Zhangixalus jodiae

Scientific classification
- Kingdom: Animalia
- Phylum: Chordata
- Class: Amphibia
- Order: Anura
- Family: Rhacophoridae
- Genus: Zhangixalus
- Species: Z. jodiae
- Binomial name: Zhangixalus jodiae Nguyen, Ninh, Orlov, Nguyen, and Ziegler, 2020

= Zhangixalus jodiae =

- Authority: Nguyen, Ninh, Orlov, Nguyen, and Ziegler, 2020

Species of amphibian

Zhangixalus jodiae, also known as Jodi's treefrog, is a species of frog in the family Rhacophoridae. It is named in honour of Jodi Rowley, Australian herpetologist, for her "great contribution to amphibian taxonomy in Asia". Zhangixalus jodiae is endemic to northeastern Vietnam and is only known from the vicinity of its type locality in Quản Bạ District, Hà Giang Province. It belongs to a clade of Zhangixalus inhabiting karst forests of southern China and northern Vietnam.

==Description==
Adult males measure 36–40 mm in snout–vent length; females and tadpoles are unknown. The body is robust. The head is moderately compressed, as long as it is wide. The snout is round anteriorly and slightly protruding in lateral view. The tympanum is round and distinct; supratympanic fold is also distinct. The fingers and toes are webbed and bear enlarged terminal discs. Skin is smooth, except for the belly and the ventral surfaces of fore and hind limbs that are granular. The dorsal surfaces are green. The flanks are cream; the axilla and groin have large black blotches. The chest and the belly are cream, while the lower jaw and throat region are greyish. The iris is silver and the pupil is black and horizontal. Males have a single, external subgular vocal sac.

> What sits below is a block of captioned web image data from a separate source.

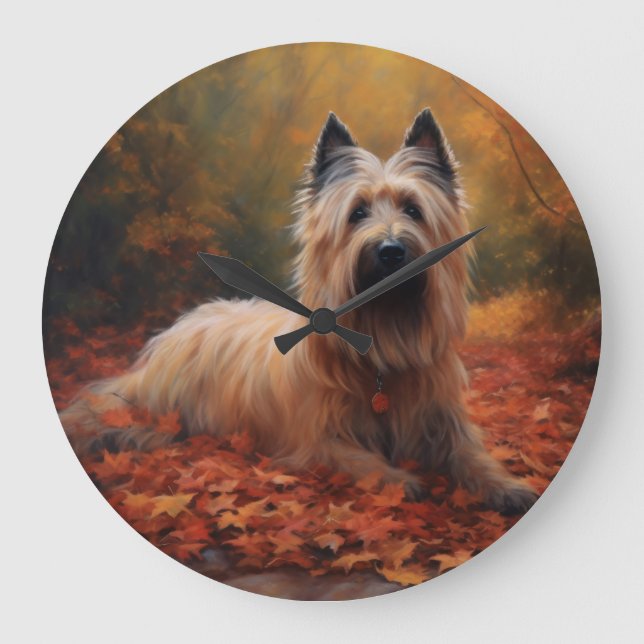 Reloj Redondo Grande Skye Terrier en otoño se inspira la caída de las h (Anverso)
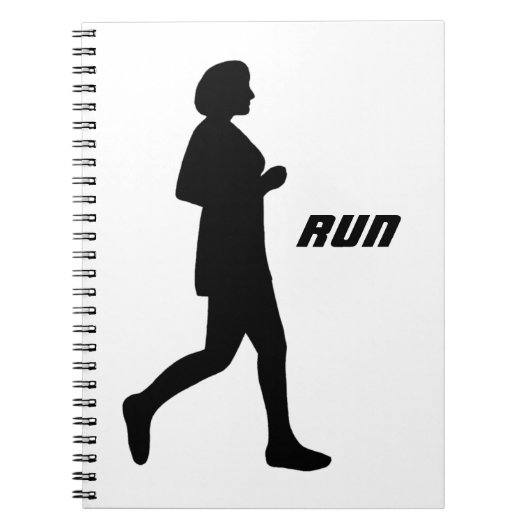 Black Vrouw Silhouette Painner Runner Run Notitieboek (Voorkant)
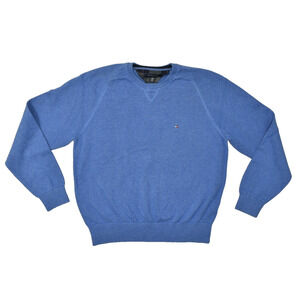 Tommy Hilfiger Men's Blue Crew Neck Pullover Sweater Size XXL 100% Cotton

The male advertisement call lasts about one second and consists of six notes, each about 6 ms in duration. The dominant frequency is 2.0 kHz.

==Habitat==
Zhangixalus jodiae is known from an undisturbed limestone karst forest at elevations between 1180 and 1320 m above sea level. The specimens were found on the ground near streams.

==Conservation==
As of November 2021, this species has not been included in the IUCN Red List of Threatened Species. While the presently known range of Zhangixalus jodiae is very restricted, Nguyen and colleagues suggest that it should be considered "data deficient" because its actual distribution remains unknown.